DEVANDRA 26 - Rencana

884 91 4
                                    

Nggak sampe dua minggu nggak update, tangan Mint gatel buat update, hehe. Terima kasih sudah menunggu cerita Devandra update🙏
Ohh iya, maaf yang part sebelumnya. Mint terlalu banyak omong. Mint emang bawel, wkwk

Thank you,
I'm Mint A🌿

Happy Reading!

🌼🌼🌼

Gue menatap pintu kamar Devano yang tertutup rapat. Udah tiga jam Devano nggak keluar dari dalam kamarnya.

Setelah Ayah pulang dari rumah sakit, Ayah kasih kabar yang baik. Devano udah dapet pendonor mata. Harusnya Devano seneng kan? Tapi kenapa Devano malah terlihat murung?

"Devandra."

Gue menoleh. "Kenapa Bun?"

"Kamu anterin makanan ini ke Devano." Bunda menyodorkan nampan berisi sepiring nasi lengkap lauk pauknya dan segelas air putih. Gue mengangguk.

Lengan kanan menopang nampan yang gue bawa lalu tangan kiri gue terangkat mengetuk pintu kamar Devano. "Van, makan dulu."

Devano berteriak, "biarin gue sendiri dulu, Ndra!"

"Tapi, Van-"

"Gue mohon, Ndra!" Devano emang nggak mau diganggu.

"Oh oke."

Gue berjalan menuju dapur. Menaruh nampan tadi di atas meja makan. "Devano nggak mau makan, Bun."

Bunda mengusap wajahnya. "Dia dari pagi belum makan, lho," cemas Bunda.

Ayah mengusap bahu Bunda. "Ya udah, nggak papa. Biarin dia sendiri dulu."

Lo kenapa sih, Van?

Ting, tung!

"Biar Devandra yang buka." Gue berjalan membukakan pintu.

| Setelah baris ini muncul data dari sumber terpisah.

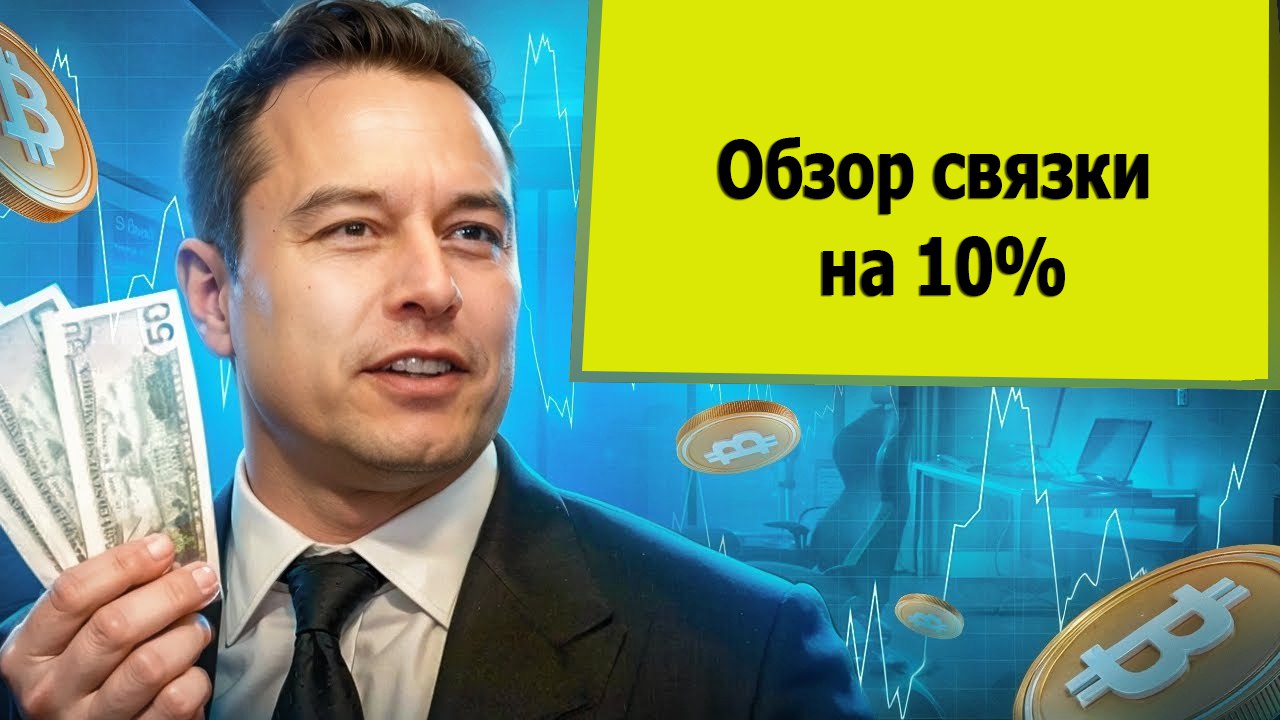 Арбитраж криптовалюты 2024: Обзор связки на 10%| Слитая P2P связка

"Hai, Pandra!" Ternyata Vania sama Dimas.

Gue tersenyum tipis. "Hai."

Dimas menyipitkan matanya melihat gue, "napa lo lemes gitu?"

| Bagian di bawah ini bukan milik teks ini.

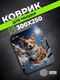 Коврик для мыши Cactus Corgi 300x250x3мм (CS-MP-D13M)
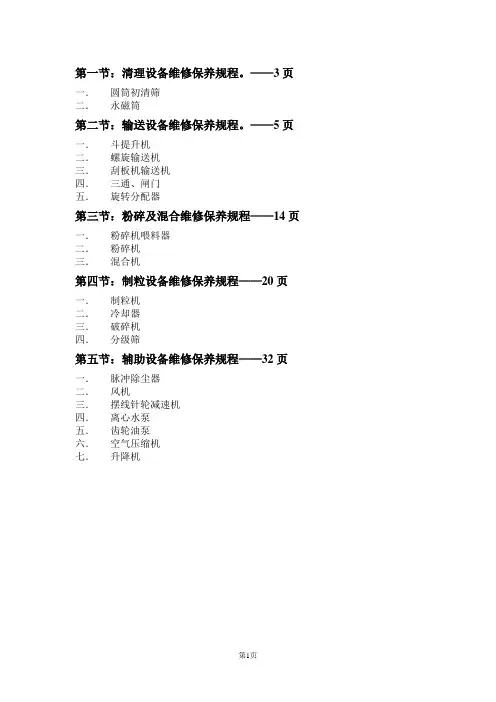 虾饲料生产厂各类设备维修保养规程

"Devano nggak mau makan. Jadi, gue ikutan lemes gini." Ya, gue jadi ikutan lemes karena Devano nggak mau makan. "Padahal gue udah makan dua piring nasi lho."

"Pano kenapa nggak mau makan?" Vania sedikit terkejut. Gue liat raut khawatir di wajahnya.

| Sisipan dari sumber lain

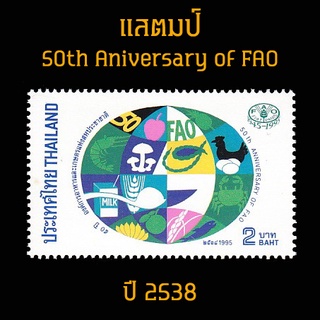 แสตมป์ไทย 2538 ชุด 50ปี องค์การอาหาร และเกษตรแห่งสหประชาชาติ FAO (ยังไม่ใช้)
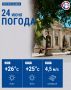 ������� ����������� ������� � ������ ���������� �� +26, ���� ����� ������ � ����� ������������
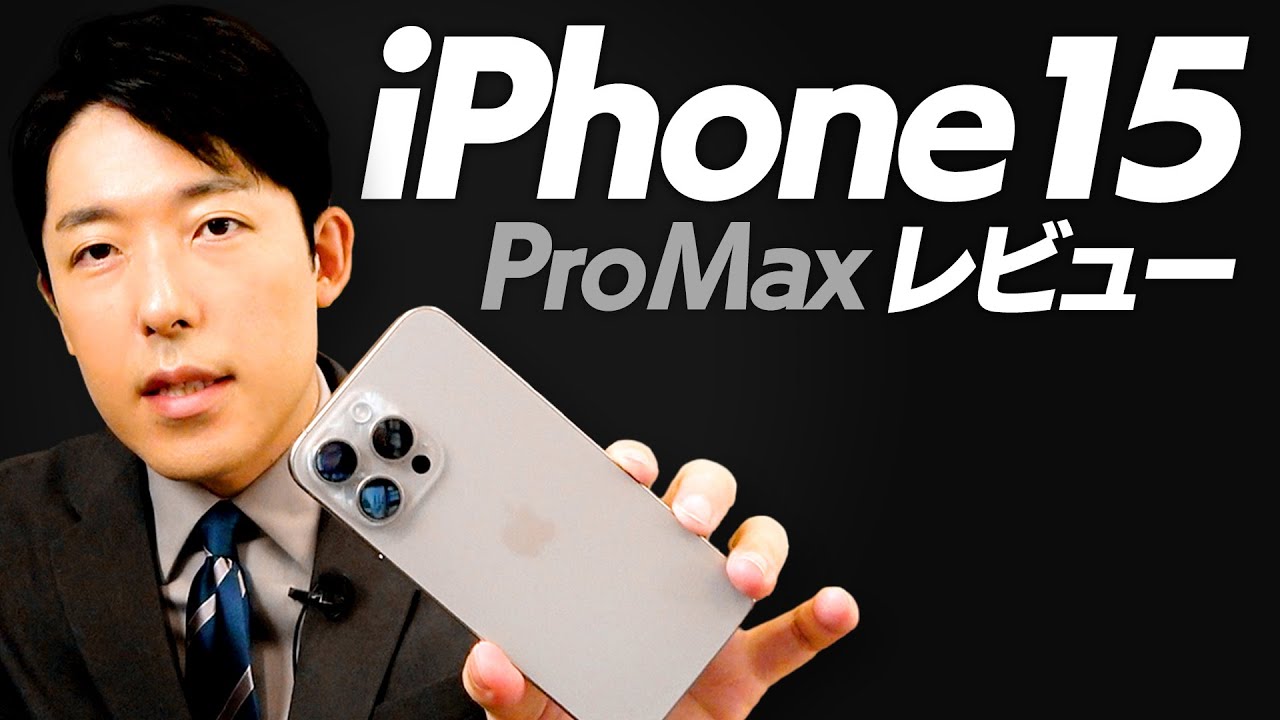 【2年ぶりの機種変】iPhone15 ProMaxレビュー！中田の絶賛ポイントは？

Ehh, iya sampe lupa. "Masuk dulu lah."

"Bunda, kenapa Pano nggak mau makan?" tanya Vania langsung setelah mencium punggung tangan Bunda sama Ayah.

Bunda menjawab, "tadi dokter ngabarin kalau Devano udah dapet pendonor mata."

"Alhamdulillah," Dimas mengusap wajah menggunakan kedua telapak tangan. Sedangkan Vania, cewek itu diem aja. Seperti mengkhawatirkan sesuatu.

---

Vania membantu menuntun Devano berjalan mendekat ke arah panti asuhan. Entah kenapa Vania tiba-tiba minta gue mengantarkan mereka ke panti.

Gue menyenderkan punggung ke pintu mobil yang tertutup. Melipat kedua tangan di depan dada sambil melihat Devano dan Vania berdiri di depan panti.

Devano menggenggam erat tangan Vania. Erat banget. Seolah kalau dia melepaskan genggamannya, Vania menghilang.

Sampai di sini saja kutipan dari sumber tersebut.